There are sometimes days, when I realise that I have gone through months of total haze and robot-like motions. Then I look around and it hits me: I live here now... Yes, after 8 years I still have "moments of truth". I don't know if people around me realise it: the monumental nature of this move. Although I did it totally in love, not caring of any consequences. With a heart wide open. Till recently, I did not realise it myself. I wonder if then I had this knowledge, I would have still made the move. I look at my husband, and I know - I would have done it in a heart beat.
But nevertheless, here I am today, ridden with questions and so few answers. The most important one being - who am I? Trying to put together the pieces I have left behind, and the new traits of Me in India. Struggling to remember the idealistic beliefs in humanity I had, many of which I have had to put to rest here. The dreams and visions of myself which will probably never come true. The belief that love conquers all, no matter what circumstances life throws at you. The conviction that people change, and tradition, religion and pre-conceptions of how life should be, stop to matter when you are consumed with so much passion...
With the adrenalin rush going down, it all starts to sink in. This is not an adventure, it's life. This is not a wild ride, it is a marriage, which I have accepted to live in a totally foreign, sometimes incomprehensible culture. And this is not a country on my list of 1000 Places To Visit Before I Die, this is home... This is the time when the hundreds of small rivers of life come togeher, and one big stream starts flowing full strenght to the unknown.
This is the time for some important decisions and reconciliations.

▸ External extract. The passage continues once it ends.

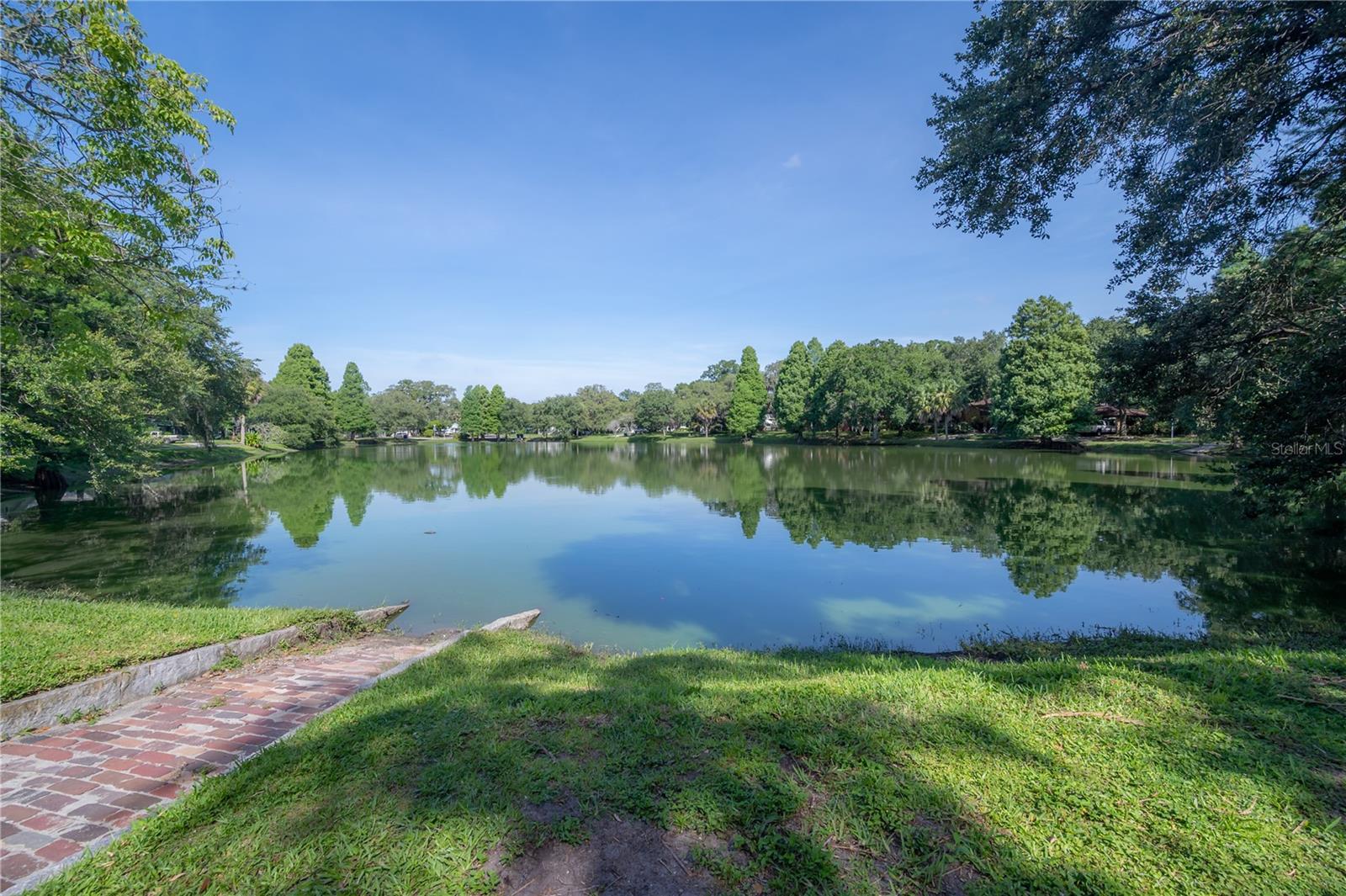 5530 9th Street, FL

- I may never be able to raise my children the way I was raised, the way my parents are raised
- they will have very different memories from mine
- they will live customs and everyday things completely foreign to me
- I may have a son with long hair - who may be a complete misfit in Bulgaria
- I will speak with my children a language their father does not understand, and they will speak to their paternal grandparents a language I do not understand
- I may have to accept that most of my Bulgarian relatives will go through the most important moments of their lives without me around
- and I will go through some of the most important moments of my life without them around
- I may have to burry a very large part of my rebelious self and start being "more accepting"

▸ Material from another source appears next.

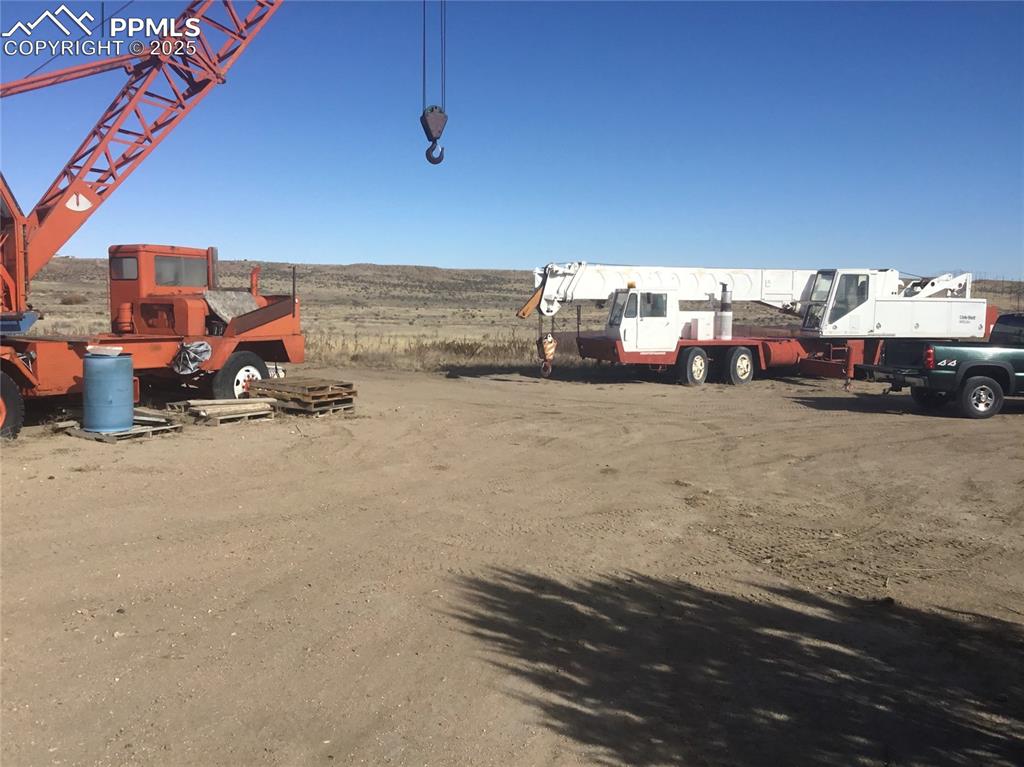 Image 15 of 25: Yard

- there are certain things about myself that my husband will never understand
- there are things I loathe about India that will NEVER change - I am the one who will become harder
- I will NEVER wear a floating white dress and will never be kissed in public
- I may have to accept cremation as a last rite, although I fear fire more than anything else
- I may have to accept that one day, after everyone around me is gone and my kids are away studying in whetever country they choose, I will be here alone
I miss home today SO MUCH! But I am afraid that if I say it to my mother, she will say "I told you so" and if I say it to my husband, he will feel guilty for no fault of his.
2 comments:
Oh god, i SO hear you Mila..
I am going through .. my children will never run on grass barefeet on their lunch break from school, and will never spend their weekends climbing trees and adventuring across neighbours backyards.. and will they ever feel at home in my home country?
.. because January is the peak of beautiful NZ summer holidays and beaches and places and days of such great beauty and quietness and emptiness.. I am missing it so much and the trip to Alibag to escape the city on Sunday didn't quite cut it somehow..
Nice to see you continue writing. I can empathize with what you wrote about "home".
I like this quote by Pico Iyer. When asked whether he finally feels rooted and accepted as a foreigner (regarding his current life in Japan) Iyer replied: “Japan is therefore an ideal place because I never will be a true citizen here, and will always be an outsider, however long I live here and however well I speak the language. And the society around me is as comfortable with that as I am… I am not rooted in a place, I think, so much as in certain values and affiliations and friendships that I carry everywhere I go; my home is both invisible and portable. But I would gladly stay in this physical location for the rest of my life, and there is nothing in life that I want that it doesn’t have.”
Hope to see you in Bombay during my next trip, in June.